Le vieil ermite qui, pour égayer sa solitude, s’était fait le nouvelliste des grands livrait les secrets des uns pour attirer les secrets des autres et, puisqu’il avait envoyé au ministre français la copie d’une lettre émanant du roi de Prusse, il jugeait la réciproque toute naturelle. C’est ainsi qu’il écrivait à Frédéric[1] : «… Je ne puis m’empêcher de vous envoyer la réponse qu’on m’a faite. Je puis bien trahir un duc et pair, ayant trahi un roi, mais, je vous en conjure, n’en faites semblant. Tachez, Sire, de déchiffrer l’écriture. »

Il faut croire que les intéressés trouvaient à ce jeu des secrets trahis un système de compensation suffisant, car ils ne cessaient pas d’y donner prétexte. Toutefois, si Choiseul affecte de ne pas attacher trop d’importance à la fuite de sa lettre confidentielle, il en garde plus d’humeur qu’il n’en veut avouer, et, devant ses reproches, Voltaire put craindre une diminution de faveur. Il s’en ouvrit à d’Argental[2] : «… A propos, j’ai toujours peur d’avoir fait quelques sottises entre M. le duc de Choiseul et Luc. Je tache cependant de ne me point brûler avec des charbons ardens.
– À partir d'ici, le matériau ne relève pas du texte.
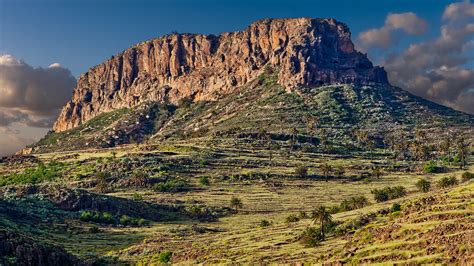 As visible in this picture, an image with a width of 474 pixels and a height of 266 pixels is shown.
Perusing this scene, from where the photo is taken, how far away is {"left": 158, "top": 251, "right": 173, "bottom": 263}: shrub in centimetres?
7438

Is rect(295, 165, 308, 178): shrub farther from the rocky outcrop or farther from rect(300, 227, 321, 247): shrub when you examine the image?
the rocky outcrop

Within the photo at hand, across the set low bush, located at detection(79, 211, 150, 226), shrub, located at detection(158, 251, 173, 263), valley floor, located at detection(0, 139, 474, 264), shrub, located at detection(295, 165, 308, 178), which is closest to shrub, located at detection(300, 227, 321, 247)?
valley floor, located at detection(0, 139, 474, 264)

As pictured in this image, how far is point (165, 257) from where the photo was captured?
75.5 m

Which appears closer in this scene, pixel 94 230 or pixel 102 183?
pixel 94 230

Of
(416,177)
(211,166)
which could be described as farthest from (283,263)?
(211,166)

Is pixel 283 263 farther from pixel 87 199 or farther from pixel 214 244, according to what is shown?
pixel 87 199

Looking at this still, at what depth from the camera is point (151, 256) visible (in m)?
80.8

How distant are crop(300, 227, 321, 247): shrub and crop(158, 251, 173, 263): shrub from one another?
804 inches

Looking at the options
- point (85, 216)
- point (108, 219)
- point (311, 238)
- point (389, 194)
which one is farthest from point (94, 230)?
point (389, 194)

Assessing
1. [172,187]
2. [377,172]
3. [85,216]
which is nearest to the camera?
[85,216]

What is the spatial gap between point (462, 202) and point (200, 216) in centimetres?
9531

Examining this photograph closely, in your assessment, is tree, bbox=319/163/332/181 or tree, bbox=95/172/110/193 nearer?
tree, bbox=95/172/110/193

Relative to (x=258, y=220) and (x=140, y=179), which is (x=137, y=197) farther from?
(x=258, y=220)

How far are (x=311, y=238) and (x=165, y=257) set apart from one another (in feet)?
79.1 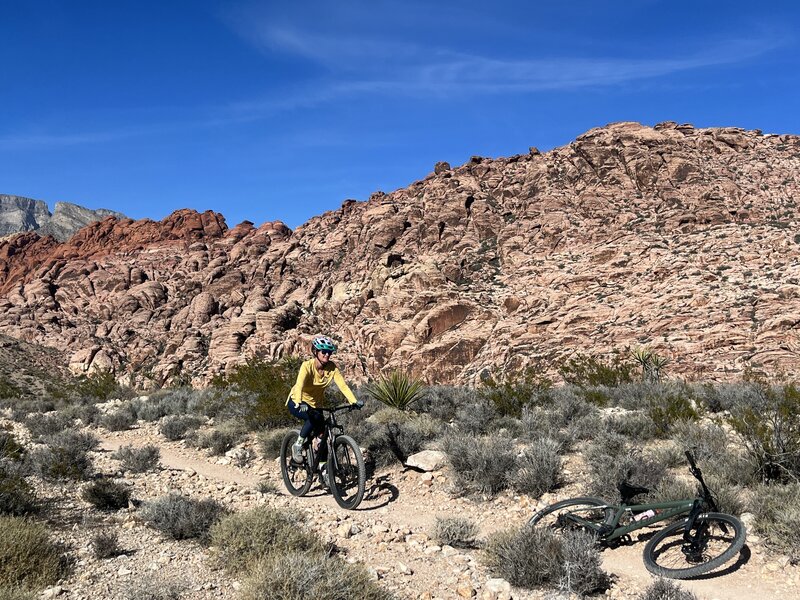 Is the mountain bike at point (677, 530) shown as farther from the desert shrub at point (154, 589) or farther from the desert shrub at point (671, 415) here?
the desert shrub at point (671, 415)

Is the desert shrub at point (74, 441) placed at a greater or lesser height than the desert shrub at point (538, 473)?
greater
Je me flatte que M. le duc de Choiseul n’est pas mécontent de ma conduite et qu’il n’a que des preuves de mon zèle et de ma tendre reconnaissance pour ses bontés. Seriez-vous assez aimable pour m’assurer qu’il me les continue ?… »

Choiseul, dont l’esprit était trop léger pour s’arrêter longtemps à une affaire désagréable, n’avait pu garder rancune à

  1. Le 6 novembre 1759.
  2. Lettre du 27 avril 1760.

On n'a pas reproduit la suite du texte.